- WHAT YOU WILL DO: Copy out, from the entries below, each line that holds the string "Home".

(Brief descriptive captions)
===============

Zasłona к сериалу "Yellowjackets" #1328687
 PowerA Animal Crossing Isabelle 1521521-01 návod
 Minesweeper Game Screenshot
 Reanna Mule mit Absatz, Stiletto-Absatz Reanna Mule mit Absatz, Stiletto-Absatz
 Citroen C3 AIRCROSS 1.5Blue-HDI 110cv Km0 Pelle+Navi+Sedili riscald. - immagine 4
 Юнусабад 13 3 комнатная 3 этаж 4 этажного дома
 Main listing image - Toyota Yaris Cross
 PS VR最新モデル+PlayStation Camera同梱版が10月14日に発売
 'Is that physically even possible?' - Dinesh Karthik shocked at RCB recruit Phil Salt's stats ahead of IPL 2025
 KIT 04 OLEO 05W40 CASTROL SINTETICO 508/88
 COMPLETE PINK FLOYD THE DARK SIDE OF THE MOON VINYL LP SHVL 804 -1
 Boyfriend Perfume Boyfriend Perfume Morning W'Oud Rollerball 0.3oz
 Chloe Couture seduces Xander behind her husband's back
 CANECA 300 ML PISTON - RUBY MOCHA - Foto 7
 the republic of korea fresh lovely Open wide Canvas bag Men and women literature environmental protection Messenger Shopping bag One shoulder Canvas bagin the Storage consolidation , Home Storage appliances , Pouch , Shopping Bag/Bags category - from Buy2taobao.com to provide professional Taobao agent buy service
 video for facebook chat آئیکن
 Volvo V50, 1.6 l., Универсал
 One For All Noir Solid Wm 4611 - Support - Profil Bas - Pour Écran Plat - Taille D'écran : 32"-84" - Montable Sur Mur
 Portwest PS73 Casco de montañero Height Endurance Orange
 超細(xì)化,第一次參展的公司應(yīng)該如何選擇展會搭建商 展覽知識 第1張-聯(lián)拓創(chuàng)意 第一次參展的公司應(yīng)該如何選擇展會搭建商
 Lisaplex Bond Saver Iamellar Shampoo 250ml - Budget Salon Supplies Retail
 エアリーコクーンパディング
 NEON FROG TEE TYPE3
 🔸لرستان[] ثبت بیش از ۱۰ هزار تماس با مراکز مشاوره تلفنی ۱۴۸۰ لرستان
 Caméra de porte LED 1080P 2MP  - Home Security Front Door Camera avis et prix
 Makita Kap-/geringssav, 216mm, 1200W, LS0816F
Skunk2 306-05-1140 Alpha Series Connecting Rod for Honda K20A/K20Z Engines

===============

- THE ANSWER:
 the republic of korea fresh lovely Open wide Canvas bag Men and women literature environmental protection Messenger Shopping bag One shoulder Canvas bagin the Storage consolidation , Home Storage appliances , Pouch , Shopping Bag/Bags category - from Buy2taobao.com to provide professional Taobao agent buy service
 Caméra de porte LED 1080P 2MP  - Home Security Front Door Camera avis et prix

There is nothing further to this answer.